[Start of Attachment]

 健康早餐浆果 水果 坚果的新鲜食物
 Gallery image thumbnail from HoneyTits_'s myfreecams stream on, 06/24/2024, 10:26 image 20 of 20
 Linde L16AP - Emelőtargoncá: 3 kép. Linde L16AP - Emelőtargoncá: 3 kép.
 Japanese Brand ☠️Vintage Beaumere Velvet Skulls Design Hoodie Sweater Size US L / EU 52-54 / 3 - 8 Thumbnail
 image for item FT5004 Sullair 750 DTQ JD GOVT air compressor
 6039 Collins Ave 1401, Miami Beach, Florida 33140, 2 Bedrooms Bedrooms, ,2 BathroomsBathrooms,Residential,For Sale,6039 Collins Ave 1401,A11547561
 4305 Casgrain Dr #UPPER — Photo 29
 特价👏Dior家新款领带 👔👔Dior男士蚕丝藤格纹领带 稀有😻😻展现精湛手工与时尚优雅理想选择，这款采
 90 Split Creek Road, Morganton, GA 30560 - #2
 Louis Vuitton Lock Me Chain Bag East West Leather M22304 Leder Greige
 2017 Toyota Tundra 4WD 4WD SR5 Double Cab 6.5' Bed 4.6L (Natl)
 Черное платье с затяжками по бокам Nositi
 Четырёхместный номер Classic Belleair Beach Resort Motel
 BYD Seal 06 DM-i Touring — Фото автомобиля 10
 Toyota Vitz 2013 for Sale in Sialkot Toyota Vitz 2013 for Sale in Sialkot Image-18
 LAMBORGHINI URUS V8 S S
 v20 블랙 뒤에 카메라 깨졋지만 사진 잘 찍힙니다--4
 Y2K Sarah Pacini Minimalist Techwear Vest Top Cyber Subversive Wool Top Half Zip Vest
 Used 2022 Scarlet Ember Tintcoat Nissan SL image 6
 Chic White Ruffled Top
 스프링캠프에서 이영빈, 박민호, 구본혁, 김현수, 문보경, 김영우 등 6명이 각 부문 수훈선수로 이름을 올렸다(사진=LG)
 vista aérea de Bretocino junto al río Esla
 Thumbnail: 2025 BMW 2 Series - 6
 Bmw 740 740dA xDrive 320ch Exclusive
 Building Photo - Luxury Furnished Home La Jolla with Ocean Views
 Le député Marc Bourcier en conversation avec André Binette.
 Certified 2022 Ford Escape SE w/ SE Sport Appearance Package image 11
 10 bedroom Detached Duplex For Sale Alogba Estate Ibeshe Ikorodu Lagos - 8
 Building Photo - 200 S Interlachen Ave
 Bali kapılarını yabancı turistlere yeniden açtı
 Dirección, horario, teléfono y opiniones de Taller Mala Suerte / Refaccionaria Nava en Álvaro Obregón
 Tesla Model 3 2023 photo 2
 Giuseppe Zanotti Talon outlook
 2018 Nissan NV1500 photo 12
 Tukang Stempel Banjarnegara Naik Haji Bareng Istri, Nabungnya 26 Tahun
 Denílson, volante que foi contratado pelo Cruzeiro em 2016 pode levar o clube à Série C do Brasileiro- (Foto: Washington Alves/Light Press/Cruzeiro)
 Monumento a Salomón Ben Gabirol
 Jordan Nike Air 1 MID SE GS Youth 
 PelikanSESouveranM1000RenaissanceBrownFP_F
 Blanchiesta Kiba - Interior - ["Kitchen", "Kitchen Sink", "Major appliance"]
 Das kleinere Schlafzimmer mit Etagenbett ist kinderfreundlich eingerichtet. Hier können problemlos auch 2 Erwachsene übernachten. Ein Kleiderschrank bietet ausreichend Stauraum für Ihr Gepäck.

[End of Attachment]

- TASK REQUIREMENTS -
Starting with the first line of the listing above and ending with the line that holds "90 Split Creek", return those lines exactly as written, both included.

- COMPLETED EXERCISE -
 健康早餐浆果 水果 坚果的新鲜食物
 Gallery image thumbnail from HoneyTits_'s myfreecams stream on, 06/24/2024, 10:26 image 20 of 20
 Linde L16AP - Emelőtargoncá: 3 kép. Linde L16AP - Emelőtargoncá: 3 kép.
 Japanese Brand ☠️Vintage Beaumere Velvet Skulls Design Hoodie Sweater Size US L / EU 52-54 / 3 - 8 Thumbnail
 image for item FT5004 Sullair 750 DTQ JD GOVT air compressor
 6039 Collins Ave 1401, Miami Beach, Florida 33140, 2 Bedrooms Bedrooms, ,2 BathroomsBathrooms,Residential,For Sale,6039 Collins Ave 1401,A11547561
 4305 Casgrain Dr #UPPER — Photo 29
 特价👏Dior家新款领带 👔👔Dior男士蚕丝藤格纹领带 稀有😻😻展现精湛手工与时尚优雅理想选择，这款采
 90 Split Creek Road, Morganton, GA 30560 - #2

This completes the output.